27th Genealogy and Heraldry Congress 

Whisky Classified at the 27th International Congress on Genealogical and Heraldic Studies , Thursday 24 August 2006
The Gateway, University of St. Andrews

Scotch Whisky Through The Last Millennium
Dr. David Wishart
School of Management
University of St. Andrews

David Wishart, author of Whisky Classified and Whisky GeclassificeerdDiscover the provenance of whisky through the ages with David Wishart, author of Whisky Classified: Choosing Single Malts by Flavour and Honorary Research Fellow at the Management School, University of St. Andrews.

David will guide you through the history and romance of Scotch whisky, from the aqua vitae of the early monasteries, the alchemist's science of turning rough barley into liquid gold, and the hedonistic uisge beatha of remote Scottish crofts, to Edinburgh's Royal Mile taverns and hot toddies in New Town drawing rooms. The Royal romance with Scotch whisky started with George IV, flourished under Queen Victoria, and continues with the Prince of Wales today.

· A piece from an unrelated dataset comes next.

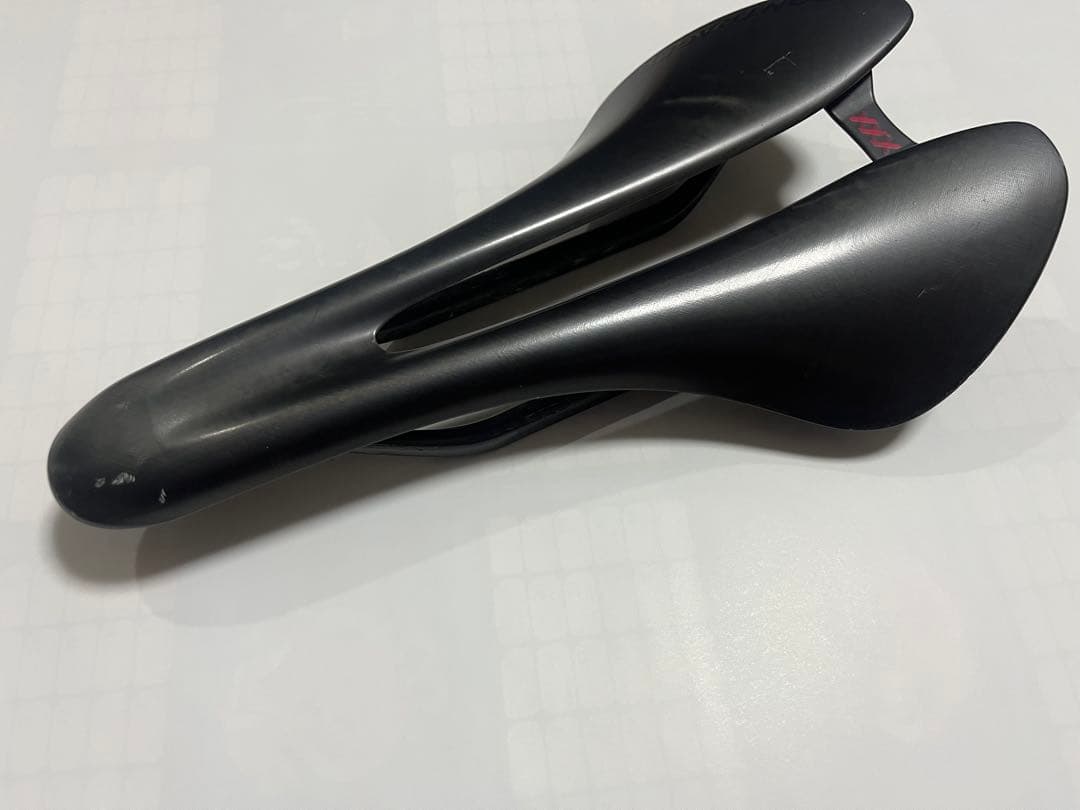 BONTRAGER ボントレガー xxxカーボンサドル 中古品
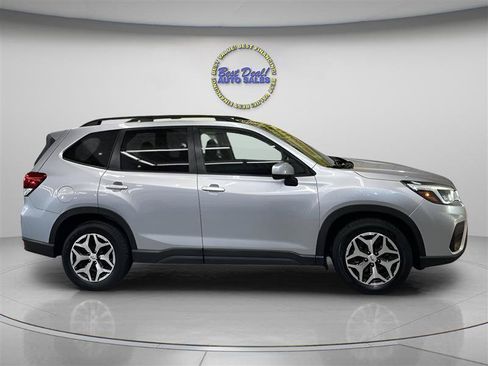 Used 2021 Subaru Forester Premium AWD/4WD image 7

Whisky is evoked in the poetry of Burns, the travelogues of Stevenson, and the art of Landseer and Wilkie. London toasted with brandy in the Regency period, but, when a tiny phylloxera beetle devastated Cognac in 1863, the upper classes turned to whisky and our famous "Scotch" brands were born.

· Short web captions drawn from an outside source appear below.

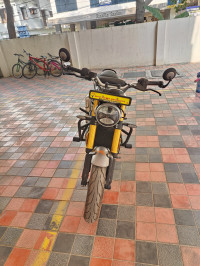 Phantom Black Triumph Speed 400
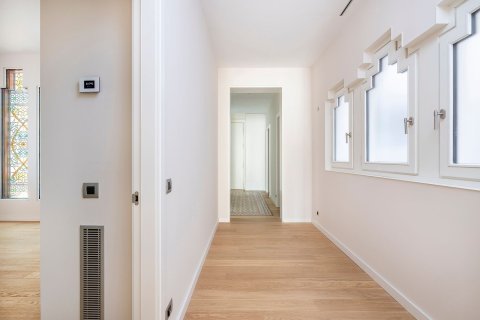 Lägenhet till salu i Barcelona, Spanien 3 sovrum, 183 kvm. Nr. 160773 - foto 18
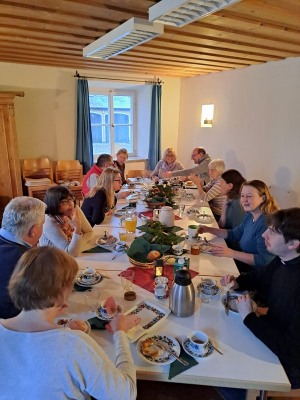Rorate-Frühstück im Pfarrheim Pellheim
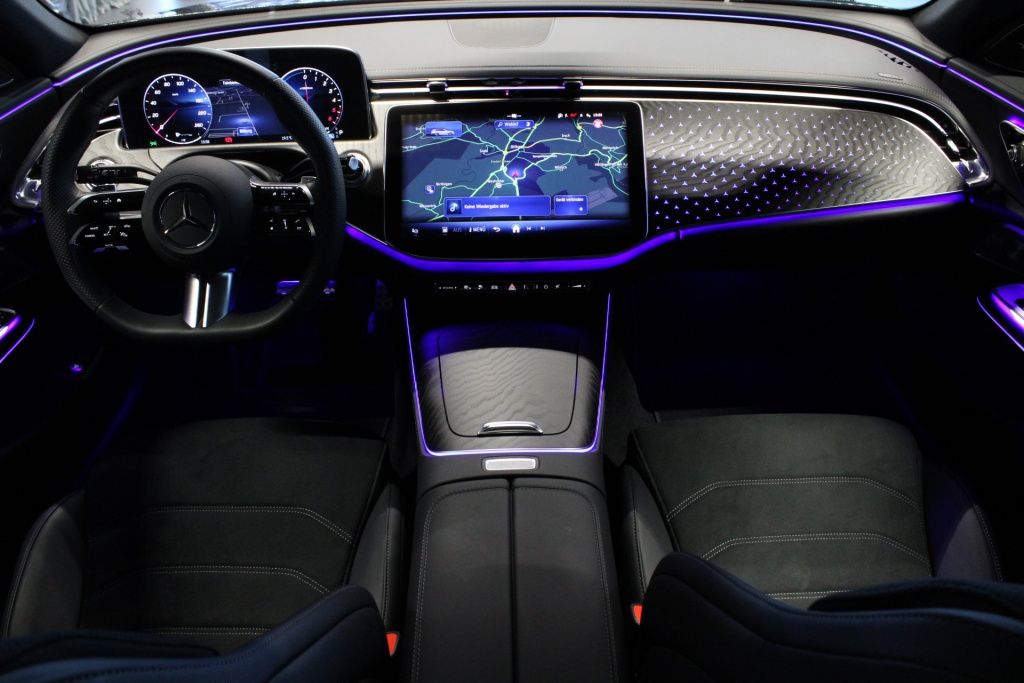 Mercedes-Benz E 300 2025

Due to variable peating and cask preparation, the flavours of malt whisky are now more diverse than ever. David introduces his unique market segmentation of Scotch malt whiskies by flavour, as described in the 2006 edition of Whisky Classified.

His talk is illustrated by a PowerPoint presentation featuring art through the ages, and prefaced by his poem "Scotia's Gold" dedicated to the stillman and sung by Norma Munro on her new CD. It will be followed by a tasting of Balblair, Balvenie DoubleWood, BenRiach, Benromach, Bruichladdich, Bunnahabhain, Deanston, Edradour, Glenfarclas, Glenfiddich, Glengoyne, Glenlivet, Glenmorangie, Laphroaig, Old Pulteney, Scapa, Strathisla, Tobermory, Tomatin, Tomintoul, and Tullibardine.